Visconti’s film is hailed as an outstanding examination of moral decadence, sexual neurosis, narcissistic self-centredness and political opportunism, a string of descriptors that can be well applied to the US President and his Republican Party, and to not a few of our own politicians.

(If you don’t think the desire to control women’s reproductive health is symptomatic of sexual neurosis, think again.)

The movie put me in mind of the Trumps, and the current White House battles for power and position, the best analysis of which (so far) is to be found here at Vanity Fair. The immediate difference is at the moment we can still sneer in mocking disbelief at the Trump tribe’s incompetence and stupidity, whereas nobody in their right mind would sneer at the Von Essenbecks and the Nazi party. It is, however, perfectly imaginable that at the time, such people were regarded as idiots by those who would later suffer immeasurably at their hands.

Trump is still largely seen as a buffoon rather than something far more sinister, however, he is a buffoon with the ability to unleash nuclear weapons, and he appears to have willingly conceded unfettered power to his military hawks. They don’t have to ask him before they blow stuff up.

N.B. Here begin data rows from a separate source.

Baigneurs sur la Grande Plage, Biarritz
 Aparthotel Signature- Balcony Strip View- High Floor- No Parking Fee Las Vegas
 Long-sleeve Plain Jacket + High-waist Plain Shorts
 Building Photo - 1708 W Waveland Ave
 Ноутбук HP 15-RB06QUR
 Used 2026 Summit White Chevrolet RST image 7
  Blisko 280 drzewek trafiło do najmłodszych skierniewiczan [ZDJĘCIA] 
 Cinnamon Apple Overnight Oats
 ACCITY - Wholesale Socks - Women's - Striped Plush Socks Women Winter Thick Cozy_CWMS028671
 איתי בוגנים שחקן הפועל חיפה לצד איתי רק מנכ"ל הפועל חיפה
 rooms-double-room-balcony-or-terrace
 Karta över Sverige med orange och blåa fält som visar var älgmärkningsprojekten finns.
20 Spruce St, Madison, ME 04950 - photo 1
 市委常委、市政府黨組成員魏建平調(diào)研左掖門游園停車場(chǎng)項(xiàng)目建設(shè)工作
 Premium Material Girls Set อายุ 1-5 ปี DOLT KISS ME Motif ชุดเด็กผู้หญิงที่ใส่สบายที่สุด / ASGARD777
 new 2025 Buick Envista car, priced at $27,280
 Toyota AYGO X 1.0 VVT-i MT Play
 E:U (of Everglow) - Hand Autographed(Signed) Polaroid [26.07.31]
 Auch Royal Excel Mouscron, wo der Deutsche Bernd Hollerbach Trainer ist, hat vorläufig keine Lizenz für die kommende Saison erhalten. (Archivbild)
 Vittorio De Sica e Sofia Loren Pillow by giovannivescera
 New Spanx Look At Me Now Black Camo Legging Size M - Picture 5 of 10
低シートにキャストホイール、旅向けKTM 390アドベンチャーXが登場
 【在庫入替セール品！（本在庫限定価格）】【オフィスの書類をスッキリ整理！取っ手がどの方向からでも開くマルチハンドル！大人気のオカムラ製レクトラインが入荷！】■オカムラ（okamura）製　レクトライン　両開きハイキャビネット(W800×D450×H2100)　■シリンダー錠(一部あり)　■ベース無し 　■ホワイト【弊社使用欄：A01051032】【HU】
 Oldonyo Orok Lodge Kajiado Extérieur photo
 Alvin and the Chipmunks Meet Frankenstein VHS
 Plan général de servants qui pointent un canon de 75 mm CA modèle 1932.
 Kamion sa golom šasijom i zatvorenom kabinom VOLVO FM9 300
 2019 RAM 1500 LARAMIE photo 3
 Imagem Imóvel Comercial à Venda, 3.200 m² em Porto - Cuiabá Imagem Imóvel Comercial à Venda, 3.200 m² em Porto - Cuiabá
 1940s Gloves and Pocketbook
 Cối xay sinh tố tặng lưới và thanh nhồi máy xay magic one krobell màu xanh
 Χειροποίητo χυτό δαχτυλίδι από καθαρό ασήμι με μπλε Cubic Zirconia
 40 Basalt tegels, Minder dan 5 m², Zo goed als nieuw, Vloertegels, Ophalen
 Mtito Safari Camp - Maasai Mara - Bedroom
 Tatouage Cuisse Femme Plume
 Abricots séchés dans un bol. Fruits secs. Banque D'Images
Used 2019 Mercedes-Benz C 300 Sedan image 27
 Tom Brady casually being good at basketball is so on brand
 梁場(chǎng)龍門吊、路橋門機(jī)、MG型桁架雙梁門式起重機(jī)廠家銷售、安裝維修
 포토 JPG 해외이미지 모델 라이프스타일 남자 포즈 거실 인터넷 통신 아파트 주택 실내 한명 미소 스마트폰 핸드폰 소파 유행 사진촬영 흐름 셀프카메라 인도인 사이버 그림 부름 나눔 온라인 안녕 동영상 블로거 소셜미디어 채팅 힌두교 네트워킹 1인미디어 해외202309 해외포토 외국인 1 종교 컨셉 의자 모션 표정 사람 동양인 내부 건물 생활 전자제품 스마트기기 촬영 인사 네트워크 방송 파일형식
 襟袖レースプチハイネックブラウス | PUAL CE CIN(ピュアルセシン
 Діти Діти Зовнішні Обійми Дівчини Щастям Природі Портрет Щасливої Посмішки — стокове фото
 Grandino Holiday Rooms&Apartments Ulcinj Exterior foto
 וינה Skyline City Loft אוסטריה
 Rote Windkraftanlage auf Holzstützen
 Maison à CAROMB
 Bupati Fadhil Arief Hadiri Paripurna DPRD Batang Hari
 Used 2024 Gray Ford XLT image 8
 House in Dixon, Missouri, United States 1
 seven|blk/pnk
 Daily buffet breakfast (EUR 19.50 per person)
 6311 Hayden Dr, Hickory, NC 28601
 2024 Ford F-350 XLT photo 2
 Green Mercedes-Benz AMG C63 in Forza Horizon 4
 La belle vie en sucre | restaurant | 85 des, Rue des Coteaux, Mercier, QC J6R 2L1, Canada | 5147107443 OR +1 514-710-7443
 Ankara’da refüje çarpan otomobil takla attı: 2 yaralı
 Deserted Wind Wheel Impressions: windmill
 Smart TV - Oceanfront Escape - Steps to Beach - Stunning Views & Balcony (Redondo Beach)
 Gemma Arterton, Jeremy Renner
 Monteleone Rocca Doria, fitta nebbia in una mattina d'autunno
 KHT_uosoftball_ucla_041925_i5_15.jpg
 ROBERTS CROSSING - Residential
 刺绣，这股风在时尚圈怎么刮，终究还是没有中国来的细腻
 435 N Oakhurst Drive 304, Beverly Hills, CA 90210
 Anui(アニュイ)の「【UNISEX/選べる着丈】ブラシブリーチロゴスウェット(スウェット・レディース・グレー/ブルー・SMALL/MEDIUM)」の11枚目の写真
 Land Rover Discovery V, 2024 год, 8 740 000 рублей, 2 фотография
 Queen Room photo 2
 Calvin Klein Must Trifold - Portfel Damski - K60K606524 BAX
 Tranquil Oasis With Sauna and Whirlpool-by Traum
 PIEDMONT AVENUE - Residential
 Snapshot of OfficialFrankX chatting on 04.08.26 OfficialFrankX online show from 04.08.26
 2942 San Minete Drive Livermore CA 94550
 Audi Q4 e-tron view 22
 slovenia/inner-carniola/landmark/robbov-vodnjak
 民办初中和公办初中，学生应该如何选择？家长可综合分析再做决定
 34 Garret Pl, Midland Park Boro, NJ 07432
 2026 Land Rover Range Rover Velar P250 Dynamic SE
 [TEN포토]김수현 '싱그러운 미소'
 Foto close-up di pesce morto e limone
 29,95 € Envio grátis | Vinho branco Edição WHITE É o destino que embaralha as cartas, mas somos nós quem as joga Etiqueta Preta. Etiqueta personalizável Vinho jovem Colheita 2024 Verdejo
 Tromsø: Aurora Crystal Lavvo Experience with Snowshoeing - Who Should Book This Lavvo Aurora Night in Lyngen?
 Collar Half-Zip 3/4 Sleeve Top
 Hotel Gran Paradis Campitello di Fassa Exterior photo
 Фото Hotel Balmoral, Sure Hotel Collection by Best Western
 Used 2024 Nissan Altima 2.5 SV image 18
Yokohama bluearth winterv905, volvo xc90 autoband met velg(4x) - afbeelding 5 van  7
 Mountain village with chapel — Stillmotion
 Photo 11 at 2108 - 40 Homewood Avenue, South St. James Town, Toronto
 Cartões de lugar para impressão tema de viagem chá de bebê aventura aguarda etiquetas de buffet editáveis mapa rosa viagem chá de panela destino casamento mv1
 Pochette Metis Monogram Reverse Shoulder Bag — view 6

Thinking of the differences and similarities between the Von Essenbeck family and the Trumps leads me to speculate that as well as having lost much of our ability to appreciate the beauty of compassion and concern (that human talent being derogated by the neo-fascists as “elitist”) we have also become diminished in our capacity to identify and acknowledge the corroding powers on the human spirit of darkness and terminal decay.  It’s likely impossible to become desensitised to horror without incurring an equal desensitisation to the sublime.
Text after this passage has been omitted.